Problem to solve: Please set down only the lines from the one containing "Painted wooden cat" through the end of the entries below, exactly, minus any pictures.

Captioned web images:

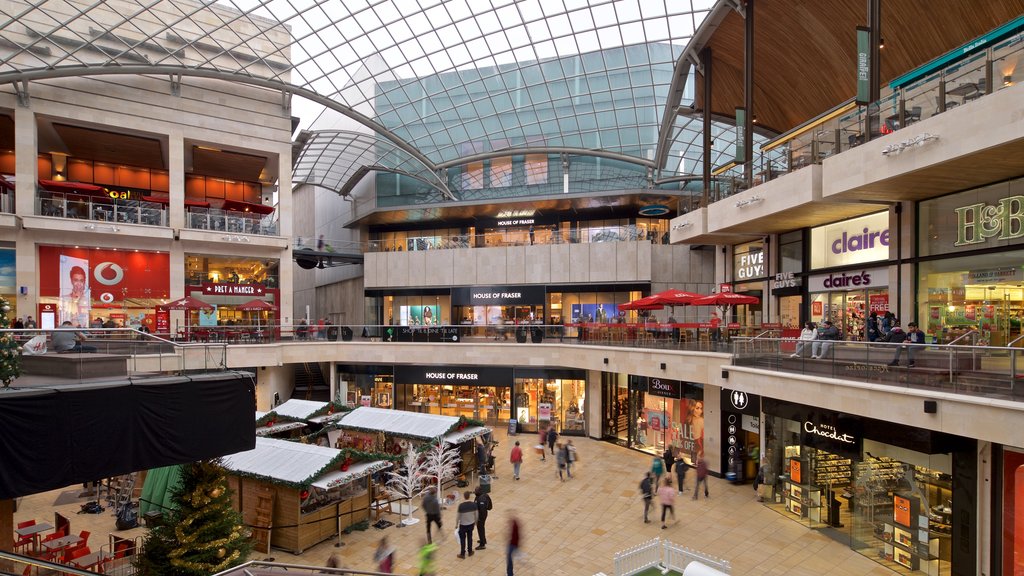 Centro comercial Cabot Circus mostrando vistas interiores y compras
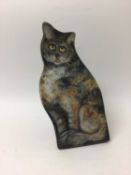 Painted wooden cat dummy board by Dave Ross, 38cm high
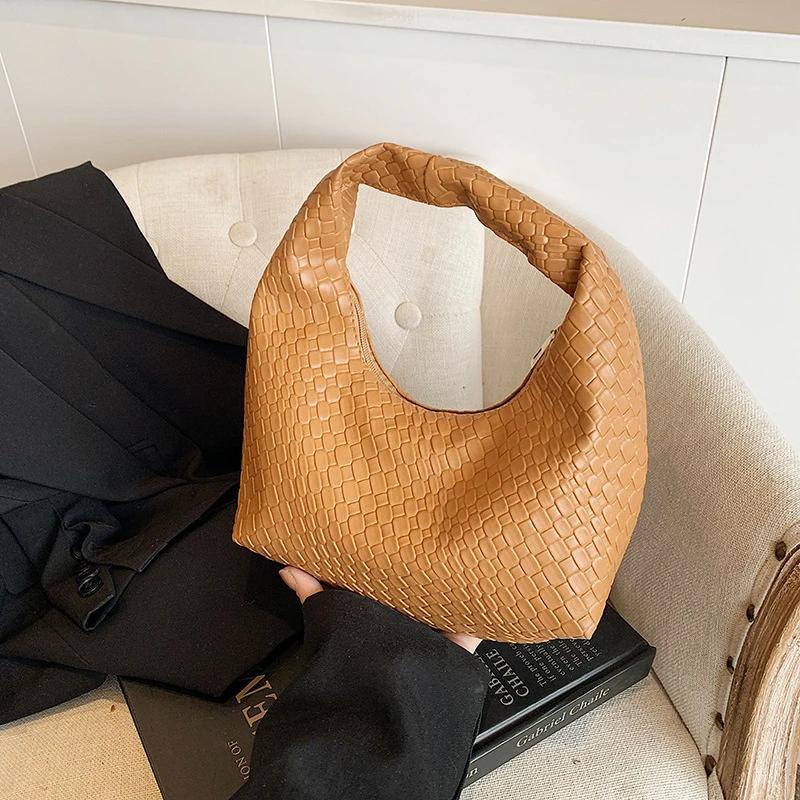

Women Classic Fashi Woven Embossed Hobo Soft PU Leather Small Top-handle Shoulder Bag Casual Daily Handbags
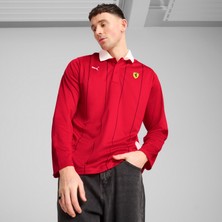 Puma Erkek  Puma Ferrari Race Jersey Ls Polo Kırmızı Erkek Sweatshirt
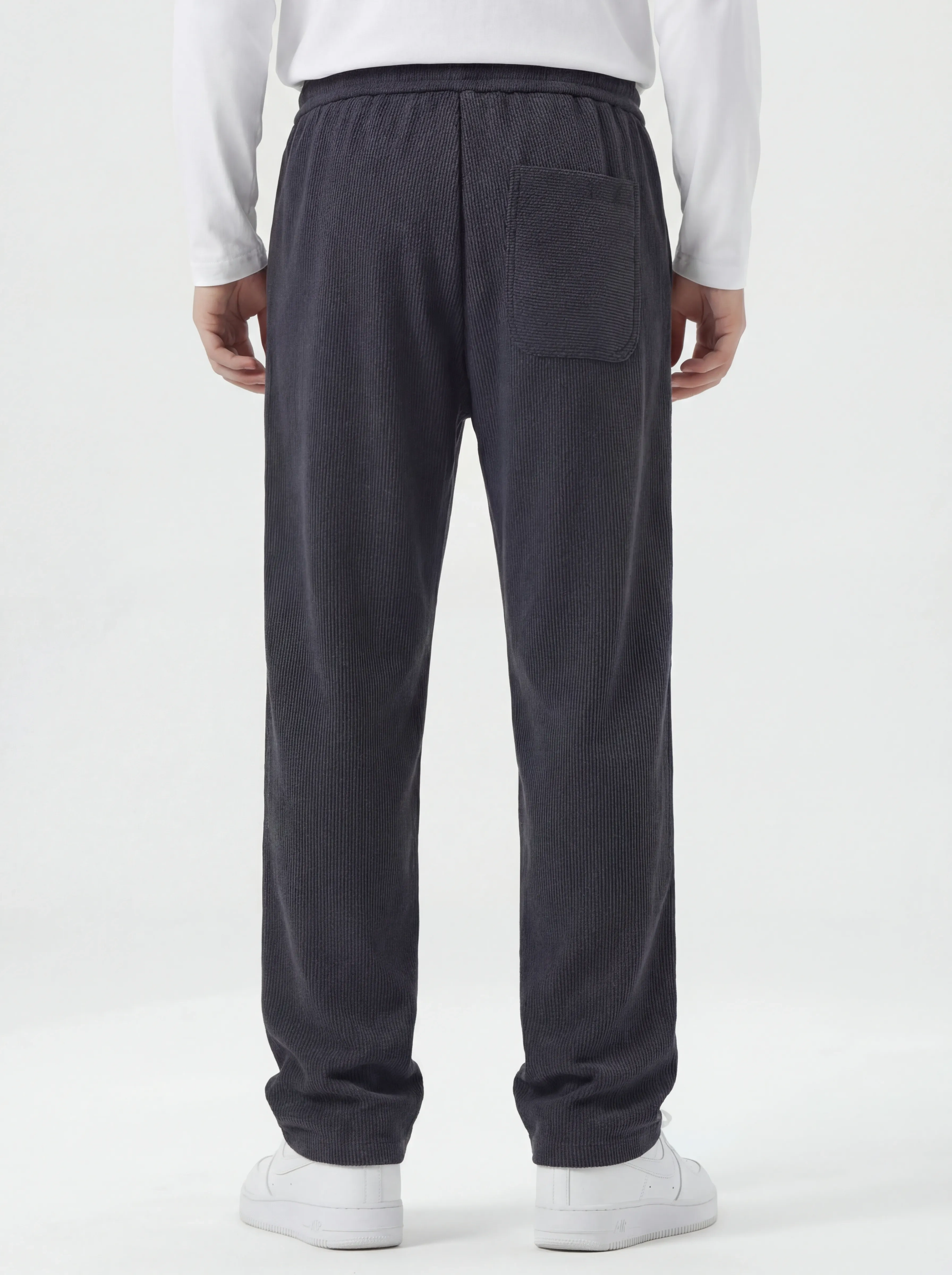 Men Corduroy Pants with Pockets Elastic Waist Casual Relaxed Fit Dark Grey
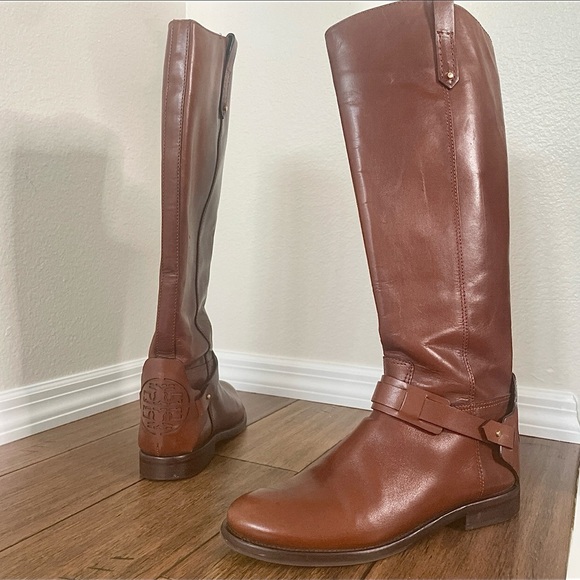 Rare Tory Burch riding boots knee high boots leather boots heel boots zip up - Picture 1 of 16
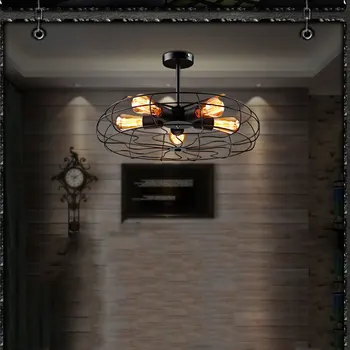 Creatoare de epocă ventilator de plafon lumina 5 capete de fier negru 110V 220V E27 edison candelabru de iluminat dormitor sufragerie lumina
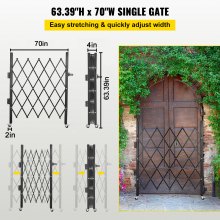 VEVOR Puerta de seguridad plegable individual, 5.1'H x 5.9'W （61 x 71 pulgadas）Puerta plegable, Puerta de seguridad en acordeón de acero, Puerta de seguridad expandible flexible, Puerta de barricada rodante de 360°, Puerta/puerta de tijera con candado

Result below:
 Painted wooden cat dummy board by Dave Ross, 38cm high

Women Classic Fashi Woven Embossed Hobo Soft PU Leather Small Top-handle Shoulder Bag Casual Daily Handbags
 Puma Erkek  Puma Ferrari Race Jersey Ls Polo Kırmızı Erkek Sweatshirt
 Men Corduroy Pants with Pockets Elastic Waist Casual Relaxed Fit Dark Grey
 Rare Tory Burch riding boots knee high boots leather boots heel boots zip up - Picture 1 of 16
 Creatoare de epocă ventilator de plafon lumina 5 capete de fier negru 110V 220V E27 edison candelabru de iluminat dormitor sufragerie lumina
 VEVOR Puerta de seguridad plegable individual, 5.1'H x 5.9'W （61 x 71 pulgadas）Puerta plegable, Puerta de seguridad en acordeón de acero, Puerta de seguridad expandible flexible, Puerta de barricada rodante de 360°, Puerta/puerta de tijera con candado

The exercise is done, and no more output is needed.